Thomas Gomart, directeur de l'Institut français des relations internationales (IFRI) :

Je vais commencer par réunir les questions de Mme Bureau-Bonnard et de Messieurs Michel-Kleisbauer et Lejeune. C'est probablement un sujet sur lequel nous gagnerions à conduire des travaux plus spécifiques. Pour commencer, je tiens à souligner l'intérêt, du point de vue d'un État, d'utiliser ces sociétés militaires privées ou ces unités militaires non régaliennes. Cela permet d'avoir des pertes sans en payer le coût politique. Cela correspond à des logiques d'hybridité. Dans le cas de la Russie, cela a été tout à fait manifeste non seulement en Ukraine mais aussi en Syrie. J'en profite pour ouvrir une parenthèse : à l'époque des évènements, notre analyse a toujours été de relier les deux théâtres puisque dans l'ambition russe, le fait de redevenir la puissance dominante en mer Noire, permettait d'utiliser l'annexion de la Crimée comme base d'appui pour ensuite avoir un accès au Moyen-Orient. La Russie a mis en œuvre ce que l'OTAN aurait aimé mettre en œuvre après l'élargissement de 2004 à la Roumanie et la Bulgarie. Cela a été rendu possible sur un pur plan militaire par un mode d'intervention plus rustique que le nôtre, moins onéreux, et qui passe par le recours à ces unités militaires non régaliennes.

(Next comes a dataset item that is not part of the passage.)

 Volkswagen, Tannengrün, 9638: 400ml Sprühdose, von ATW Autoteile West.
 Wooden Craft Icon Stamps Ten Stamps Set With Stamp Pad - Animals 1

En ce qui concerne l'Afrique, je me permets de mentionner un rapport récent publié par l'IFRI sur la Russie en Afrique qui aborde aussi cette question, notamment en République centrafricaine (RCA). Au-delà de la Russie ou de Blackwater, la question du privé dans la conflictualité est très importante. Une notion a connu une certaine fortune dans nos milieux : la notion de piraterie stratégique. La différence entre le pirate et le corsaire, c'est que le pirate agit pour ses propres intérêts. Un certain nombre de pirates, notamment dans le cyberespace, utilisent la très forte asymétrie en leur faveur. Vous avez aussi un certain nombre de corsaires qui agissent dans le cyberespace ou ailleurs pour compte de tiers. Cette notion de piraterie stratégique est très déstabilisante pour des puissances comme la nôtre, puisqu'elle recourt à des moyens auxquels nous nous interdisons de recourir.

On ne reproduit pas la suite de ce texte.